Hamburg. Der Ex-Partner einer Frau hatte diese zusammen mit Komplizen verschleppt – vor den Augen des gemeinsamen Sohnes.
Die Tat geschah offenbar vor den Augen ihres Sohnes – und erst nach sechs Tagen hatte die Frau ihre Freiheit zurück: Spezialkräfte des Mobilen Einsatzkommandos (MEK) der Hamburger Polizei haben am Sonnabend eine Entführung unblutig beenden können.
Das Opfer, eine 39-Jährige aus Eidelstedt, war mutmaßlich von ihrem ehemaligen Lebensgefährten und Vater ihres Kindes in seine Gewalt gebracht und nach Nordhorn in Niedersachsen verschleppt worden, rund 275 Kilometer südwestlich von Hamburg. Dem 50 Jahre alten Verdächtigen droht nach seiner Festnahme eine Anklage wegen Entführung, Geiselnahme und gefährlicher Körperverletzung. Möglicherweise hatte er die Trennung von der Frau nicht verkraftet und deshalb die Tat geplant.
Nach Angaben von Polizeisprecher Holger Vehren war die Frau bereits am Sonntag vor einer Woche verschleppt worden. Der Verdächtige hatte demnach mutmaßlich Unterstützung von zwei Komplizen. Zu dritt seien sie der 39-jährigen Frau zunächst bis zu der Wohnung in Eidelstedt gefolgt, in der das frühere Paar zuvor mit ihrem 18 Jahre alten Sohn zusammengelebt hatte.
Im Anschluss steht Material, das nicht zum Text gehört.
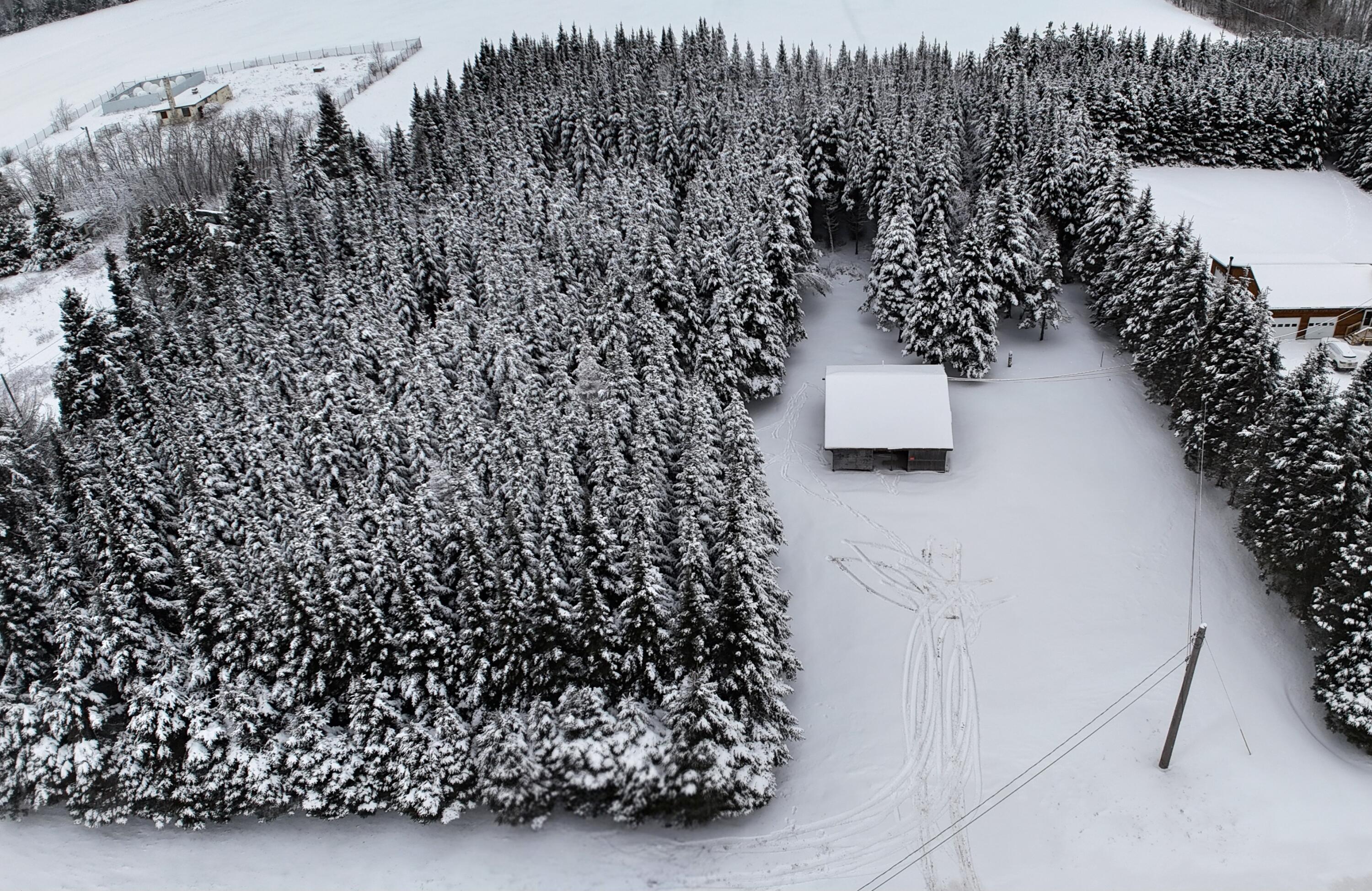 929 Access Highway Limestone, ME 04750 - Photo 4 of 19 dji_fly_20260101_144218_0157_17673001820
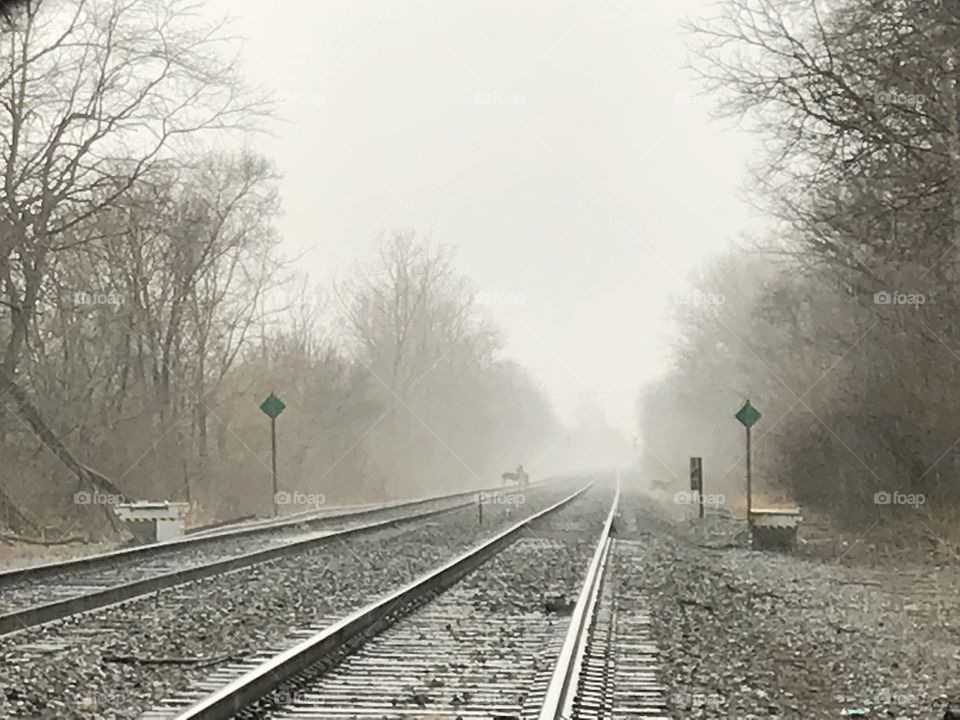 Deer on tracks in fog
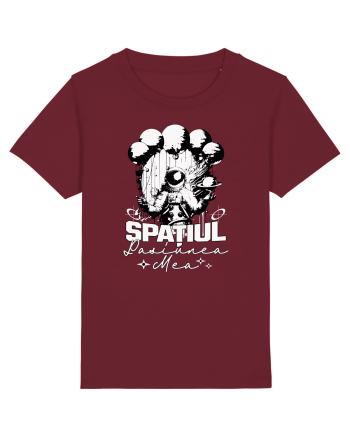 Astronaut - Spatiul pasiunea mea Burgundy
Mutmaßliche Täter wechselten das Fluchtauto
In der Tiefgarage des Mehrfamilienhauses stürmten die Männer demnach plötzlich auf die 39-Jährige, überwältigen und verschleppten sie – der Jugendliche musste die Tat mit ansehen, blieb selbst aber unverletzt. Zunächst flüchteten die Täter mit ihrem Opfer in einem VW Polo. Die Hamburger Polizei richtete schnell eine sogenannte „Besondere Aufbauorganisation“ (BAO) ein, um die Frau zuretten.
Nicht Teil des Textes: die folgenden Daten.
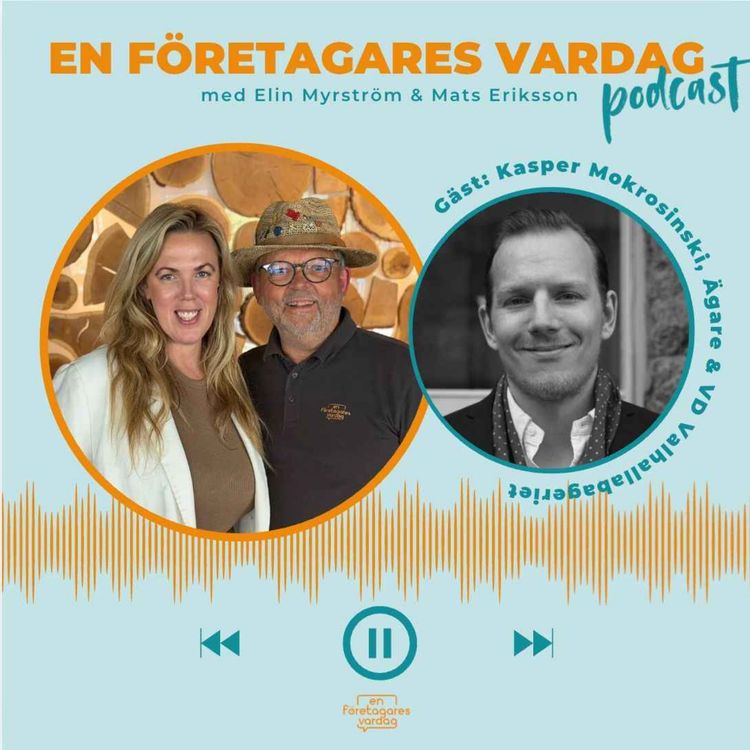 cover art for En Företagares Vardag 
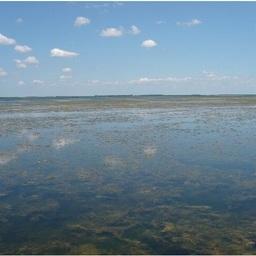 Объем биомассы погруженной водной растительности в азовских лиманах превысил 2 млн тонн - на 800 тыс. тонн больше, чем в 1985 г. Фото пресс-службы АзНИИРХ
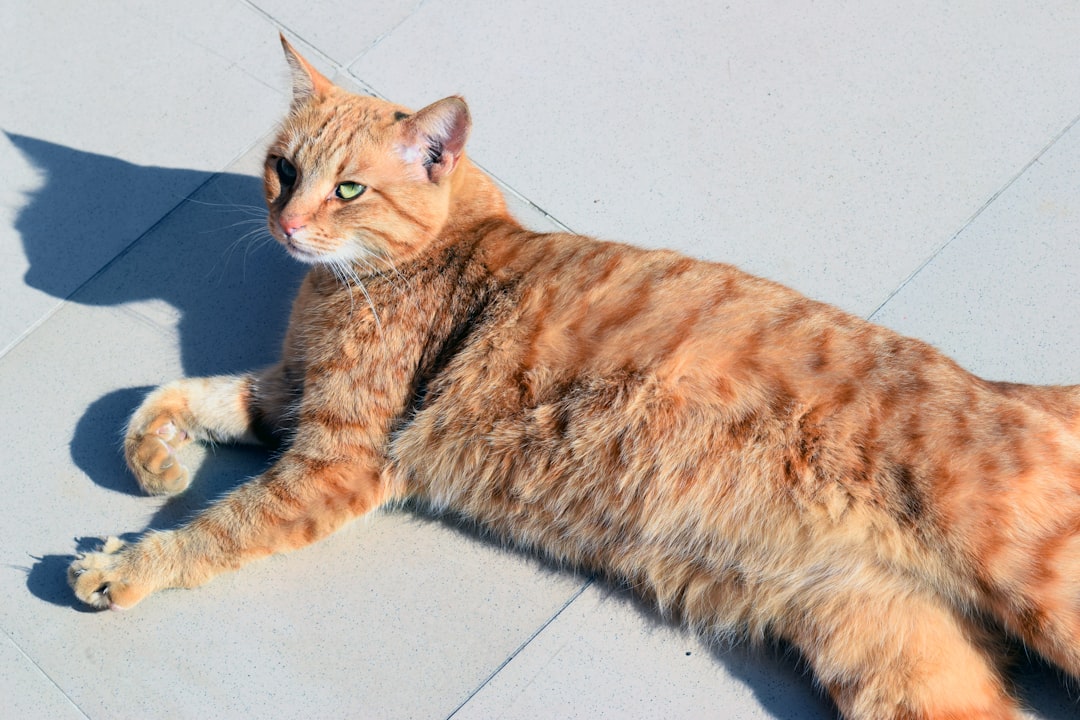 Stray cat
Das erste Fluchtauto wurde daraufhin in Schleswig-Holstein gefunden, jedoch ohne weitere Spur auf die Täter und das Opfer. Die Ermittlungen der Beamten ergaben jedoch, dass die Entführer in einen grünen BMW umgestiegen waren, um ihre Flucht weiter fortzusetzen. Möglicherweise bewegten sie sich dabei sofort in Richtung Westen und hatten den VW Polo als falsche Fährte für die Ermittler in Schleswig-Holstein platziert.
Sohn richtet sich in Botschaft an Geiselnehmer
Die Ermittler in der BAO stellten weitere umfangreiche Ermittlungen an. Der Sohn der 39-jährigen Frau richtete sich auch öffentlich an den mutmaßlichen Geiselnehmer: „Bitte lass meine Mama gehen!“, schrieb er in einem Brief in der „Bild“-Zeitung. Bis zum Wochenende gelang es den Beamten, den mutmaßlichen Entführer und sein Opfer nahe der niederländischen Grenze aufzuspüren.
Am Sonnabendmittag rückte die Spezialeinheit in Nordhorn an. Das MEK überwältigte den 50-Jährigen um 13.50 Uhr beim Betreten eines Hauses. Die 39-Jährige war zu diesem Zeitpunkt bei ihm. Sie blieb unverletzt. Die beiden Komplizen, die ihm bei der Entführung geholfen haben sollen, waren nicht vor Ort.
Mutmaßlicher Entführer sitzt in Haft
Weil gegen ihn bereits ein Haftbefehl wegen eines Diebstahldeliktes in Cloppenburg in Niedersachsen vorlag, wurde der Hamburger nach seiner Festnahme der Haftabteilung des Landgerichts Oldenburg vorgeführt und sitzt nun dort vorerst in Haft. „Das zweite Fluchtfahrzeug, ein 3er-BMW, konnte ebenfalls sichergestellt werden“, sagte ein Polizeisprecher am Sonntag.
Allein für den voraussichtlichen Tatvorwurf der Freiheitsberaubung droht dem Mann im Falle einer Anklage eine Freiheitsstrafe zwischen sechs Monaten und fünf Jahren. Bei Entführungen von mehr als einer Woche Dauer verschärfen sich die Strafen nach dem Gesetz deutlich. Die Ermittlungen der Polizei zum genauen Ablauf der Tat, den Hintergründen und den Komplizen dauern noch an.